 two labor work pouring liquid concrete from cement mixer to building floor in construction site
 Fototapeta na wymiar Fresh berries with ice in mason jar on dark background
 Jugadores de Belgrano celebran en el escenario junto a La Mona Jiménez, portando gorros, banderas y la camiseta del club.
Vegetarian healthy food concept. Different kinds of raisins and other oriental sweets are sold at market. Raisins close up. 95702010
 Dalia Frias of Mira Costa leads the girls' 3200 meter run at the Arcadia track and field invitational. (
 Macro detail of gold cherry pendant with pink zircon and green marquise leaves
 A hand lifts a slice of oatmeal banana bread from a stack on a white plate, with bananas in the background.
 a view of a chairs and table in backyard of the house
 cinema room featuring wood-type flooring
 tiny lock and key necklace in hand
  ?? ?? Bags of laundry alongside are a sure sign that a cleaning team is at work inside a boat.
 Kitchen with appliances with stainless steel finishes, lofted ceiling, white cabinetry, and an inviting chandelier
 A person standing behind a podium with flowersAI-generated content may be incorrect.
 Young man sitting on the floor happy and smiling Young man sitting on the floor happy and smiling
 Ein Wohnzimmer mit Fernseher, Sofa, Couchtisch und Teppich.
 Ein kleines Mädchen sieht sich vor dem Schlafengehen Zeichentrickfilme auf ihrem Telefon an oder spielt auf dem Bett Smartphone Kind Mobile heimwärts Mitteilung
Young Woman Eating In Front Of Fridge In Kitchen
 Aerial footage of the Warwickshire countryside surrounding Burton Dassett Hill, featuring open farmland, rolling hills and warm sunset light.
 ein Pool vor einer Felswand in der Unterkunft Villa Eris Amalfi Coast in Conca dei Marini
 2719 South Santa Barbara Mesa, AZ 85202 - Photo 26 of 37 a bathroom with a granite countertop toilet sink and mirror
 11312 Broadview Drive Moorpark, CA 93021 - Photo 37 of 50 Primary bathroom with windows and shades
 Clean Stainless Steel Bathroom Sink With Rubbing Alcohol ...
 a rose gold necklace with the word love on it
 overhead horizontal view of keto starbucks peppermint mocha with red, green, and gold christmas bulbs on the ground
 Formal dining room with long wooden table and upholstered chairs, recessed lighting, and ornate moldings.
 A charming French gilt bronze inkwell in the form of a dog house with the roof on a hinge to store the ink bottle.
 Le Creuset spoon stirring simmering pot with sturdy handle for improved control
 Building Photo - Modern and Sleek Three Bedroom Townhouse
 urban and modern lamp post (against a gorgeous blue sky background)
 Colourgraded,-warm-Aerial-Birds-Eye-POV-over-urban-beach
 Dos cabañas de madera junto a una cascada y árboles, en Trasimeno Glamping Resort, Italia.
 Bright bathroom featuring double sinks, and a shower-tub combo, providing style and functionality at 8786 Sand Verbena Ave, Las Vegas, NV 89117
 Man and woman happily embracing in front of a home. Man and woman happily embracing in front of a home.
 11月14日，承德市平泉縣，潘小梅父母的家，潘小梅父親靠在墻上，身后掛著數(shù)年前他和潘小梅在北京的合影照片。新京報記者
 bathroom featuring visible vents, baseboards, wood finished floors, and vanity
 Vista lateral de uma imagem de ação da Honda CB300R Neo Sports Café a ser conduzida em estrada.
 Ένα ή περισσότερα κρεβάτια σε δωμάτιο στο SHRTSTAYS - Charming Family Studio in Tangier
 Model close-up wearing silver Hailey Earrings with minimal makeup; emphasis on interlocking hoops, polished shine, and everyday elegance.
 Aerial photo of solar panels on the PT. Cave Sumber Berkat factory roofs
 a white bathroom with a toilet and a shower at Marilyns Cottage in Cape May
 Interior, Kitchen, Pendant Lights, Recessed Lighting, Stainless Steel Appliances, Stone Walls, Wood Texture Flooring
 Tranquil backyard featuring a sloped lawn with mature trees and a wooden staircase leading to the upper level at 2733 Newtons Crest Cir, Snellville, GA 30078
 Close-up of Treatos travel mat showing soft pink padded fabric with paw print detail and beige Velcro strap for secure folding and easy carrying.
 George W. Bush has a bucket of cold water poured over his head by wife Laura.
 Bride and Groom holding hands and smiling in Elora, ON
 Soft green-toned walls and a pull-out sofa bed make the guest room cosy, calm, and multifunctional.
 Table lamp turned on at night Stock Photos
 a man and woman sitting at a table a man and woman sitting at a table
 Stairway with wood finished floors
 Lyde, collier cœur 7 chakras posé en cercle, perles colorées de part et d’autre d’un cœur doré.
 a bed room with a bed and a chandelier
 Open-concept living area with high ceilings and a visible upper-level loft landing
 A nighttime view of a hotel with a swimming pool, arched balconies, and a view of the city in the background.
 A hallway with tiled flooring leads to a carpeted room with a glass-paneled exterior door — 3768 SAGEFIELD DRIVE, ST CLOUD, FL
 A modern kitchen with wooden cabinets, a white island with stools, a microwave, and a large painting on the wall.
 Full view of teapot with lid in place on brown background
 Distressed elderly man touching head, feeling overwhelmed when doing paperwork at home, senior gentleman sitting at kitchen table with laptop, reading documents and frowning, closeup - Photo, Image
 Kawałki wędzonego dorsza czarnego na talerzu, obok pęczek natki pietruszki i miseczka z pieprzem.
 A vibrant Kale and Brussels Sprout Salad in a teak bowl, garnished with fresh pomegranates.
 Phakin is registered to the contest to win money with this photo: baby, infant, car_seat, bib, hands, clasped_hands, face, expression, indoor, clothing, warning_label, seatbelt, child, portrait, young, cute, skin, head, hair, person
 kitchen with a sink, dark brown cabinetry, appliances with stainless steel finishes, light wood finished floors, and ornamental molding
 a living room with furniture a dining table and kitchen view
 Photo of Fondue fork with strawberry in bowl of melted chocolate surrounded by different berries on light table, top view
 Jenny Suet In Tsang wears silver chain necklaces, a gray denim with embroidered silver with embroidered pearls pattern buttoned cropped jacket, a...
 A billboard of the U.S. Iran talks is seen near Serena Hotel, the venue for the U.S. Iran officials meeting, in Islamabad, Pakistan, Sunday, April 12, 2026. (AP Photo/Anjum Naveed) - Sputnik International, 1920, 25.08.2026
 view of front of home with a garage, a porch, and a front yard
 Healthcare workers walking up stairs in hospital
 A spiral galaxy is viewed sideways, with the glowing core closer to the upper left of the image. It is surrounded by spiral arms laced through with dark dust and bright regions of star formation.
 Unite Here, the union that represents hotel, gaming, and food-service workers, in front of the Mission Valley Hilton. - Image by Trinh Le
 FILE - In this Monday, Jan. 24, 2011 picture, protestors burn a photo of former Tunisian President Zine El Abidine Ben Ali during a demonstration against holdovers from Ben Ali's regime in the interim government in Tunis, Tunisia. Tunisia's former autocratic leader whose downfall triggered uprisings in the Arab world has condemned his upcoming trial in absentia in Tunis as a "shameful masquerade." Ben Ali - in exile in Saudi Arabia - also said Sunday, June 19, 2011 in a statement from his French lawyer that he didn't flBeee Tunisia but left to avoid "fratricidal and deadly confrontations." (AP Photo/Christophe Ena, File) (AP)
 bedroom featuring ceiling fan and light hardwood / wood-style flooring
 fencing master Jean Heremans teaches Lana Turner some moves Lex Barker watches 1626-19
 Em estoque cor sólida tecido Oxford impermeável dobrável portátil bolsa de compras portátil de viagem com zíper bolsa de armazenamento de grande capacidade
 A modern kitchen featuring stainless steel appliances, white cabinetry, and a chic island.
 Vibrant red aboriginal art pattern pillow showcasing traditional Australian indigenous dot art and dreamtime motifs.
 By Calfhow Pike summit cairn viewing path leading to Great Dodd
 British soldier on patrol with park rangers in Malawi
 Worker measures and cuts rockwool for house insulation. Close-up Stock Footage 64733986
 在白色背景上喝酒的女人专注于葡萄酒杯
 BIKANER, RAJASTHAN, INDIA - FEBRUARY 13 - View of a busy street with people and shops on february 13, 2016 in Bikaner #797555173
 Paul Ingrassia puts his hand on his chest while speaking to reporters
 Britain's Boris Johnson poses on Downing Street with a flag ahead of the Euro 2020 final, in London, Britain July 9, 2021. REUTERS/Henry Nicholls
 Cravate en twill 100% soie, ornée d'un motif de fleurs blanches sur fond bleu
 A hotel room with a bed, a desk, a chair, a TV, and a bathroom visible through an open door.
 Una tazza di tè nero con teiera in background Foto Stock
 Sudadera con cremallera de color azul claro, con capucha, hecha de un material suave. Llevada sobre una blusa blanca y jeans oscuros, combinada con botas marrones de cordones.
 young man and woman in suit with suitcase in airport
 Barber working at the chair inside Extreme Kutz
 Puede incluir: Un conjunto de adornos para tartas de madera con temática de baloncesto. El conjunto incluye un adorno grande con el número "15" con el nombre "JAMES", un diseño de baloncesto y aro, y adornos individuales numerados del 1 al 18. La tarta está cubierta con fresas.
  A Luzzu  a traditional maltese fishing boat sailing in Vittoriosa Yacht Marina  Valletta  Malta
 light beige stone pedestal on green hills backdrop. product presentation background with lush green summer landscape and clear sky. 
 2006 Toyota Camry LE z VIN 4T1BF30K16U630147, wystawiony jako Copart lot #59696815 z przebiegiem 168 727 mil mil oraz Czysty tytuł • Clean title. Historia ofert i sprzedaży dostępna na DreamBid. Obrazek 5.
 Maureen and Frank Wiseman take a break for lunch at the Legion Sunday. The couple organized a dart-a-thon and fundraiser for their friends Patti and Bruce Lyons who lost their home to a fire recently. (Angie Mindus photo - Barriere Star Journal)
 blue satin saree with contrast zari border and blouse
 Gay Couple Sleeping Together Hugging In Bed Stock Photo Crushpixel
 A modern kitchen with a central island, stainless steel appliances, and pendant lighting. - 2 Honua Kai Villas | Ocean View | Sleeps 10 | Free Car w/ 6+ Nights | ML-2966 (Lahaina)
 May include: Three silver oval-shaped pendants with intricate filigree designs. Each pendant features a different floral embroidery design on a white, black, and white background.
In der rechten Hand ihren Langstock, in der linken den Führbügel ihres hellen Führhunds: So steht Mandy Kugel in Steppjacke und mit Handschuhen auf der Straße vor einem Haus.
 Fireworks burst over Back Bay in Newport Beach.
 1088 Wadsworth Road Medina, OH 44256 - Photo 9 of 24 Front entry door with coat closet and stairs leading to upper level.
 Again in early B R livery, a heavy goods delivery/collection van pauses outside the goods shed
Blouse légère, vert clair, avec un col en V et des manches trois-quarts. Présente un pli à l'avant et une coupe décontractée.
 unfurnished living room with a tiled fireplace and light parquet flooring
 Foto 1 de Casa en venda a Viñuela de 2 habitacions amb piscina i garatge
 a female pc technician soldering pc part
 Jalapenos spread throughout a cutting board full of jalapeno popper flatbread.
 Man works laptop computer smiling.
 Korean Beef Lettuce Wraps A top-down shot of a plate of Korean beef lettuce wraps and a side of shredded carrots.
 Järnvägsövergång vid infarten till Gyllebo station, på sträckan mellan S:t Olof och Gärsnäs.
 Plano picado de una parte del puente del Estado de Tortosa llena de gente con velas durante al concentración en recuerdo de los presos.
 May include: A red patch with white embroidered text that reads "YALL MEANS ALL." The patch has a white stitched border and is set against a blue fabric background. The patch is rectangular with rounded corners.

▶ **EXERCISE REQUIREMENTS**:
Copy the lines above exactly. Start with the line containing "Ένα ή περισσότερα", end with the line containing "A nighttime view", and include both.

▶ **EXERCISE RESULT**:
 Ένα ή περισσότερα κρεβάτια σε δωμάτιο στο SHRTSTAYS - Charming Family Studio in Tangier
 Model close-up wearing silver Hailey Earrings with minimal makeup; emphasis on interlocking hoops, polished shine, and everyday elegance.
 Aerial photo of solar panels on the PT. Cave Sumber Berkat factory roofs
 a white bathroom with a toilet and a shower at Marilyns Cottage in Cape May
 Interior, Kitchen, Pendant Lights, Recessed Lighting, Stainless Steel Appliances, Stone Walls, Wood Texture Flooring
 Tranquil backyard featuring a sloped lawn with mature trees and a wooden staircase leading to the upper level at 2733 Newtons Crest Cir, Snellville, GA 30078
 Close-up of Treatos travel mat showing soft pink padded fabric with paw print detail and beige Velcro strap for secure folding and easy carrying.
 George W. Bush has a bucket of cold water poured over his head by wife Laura.
 Bride and Groom holding hands and smiling in Elora, ON
 Soft green-toned walls and a pull-out sofa bed make the guest room cosy, calm, and multifunctional.
 Table lamp turned on at night Stock Photos
 a man and woman sitting at a table a man and woman sitting at a table
 Stairway with wood finished floors
 Lyde, collier cœur 7 chakras posé en cercle, perles colorées de part et d’autre d’un cœur doré.
 a bed room with a bed and a chandelier
 Open-concept living area with high ceilings and a visible upper-level loft landing
 A nighttime view of a hotel with a swimming pool, arched balconies, and a view of the city in the background.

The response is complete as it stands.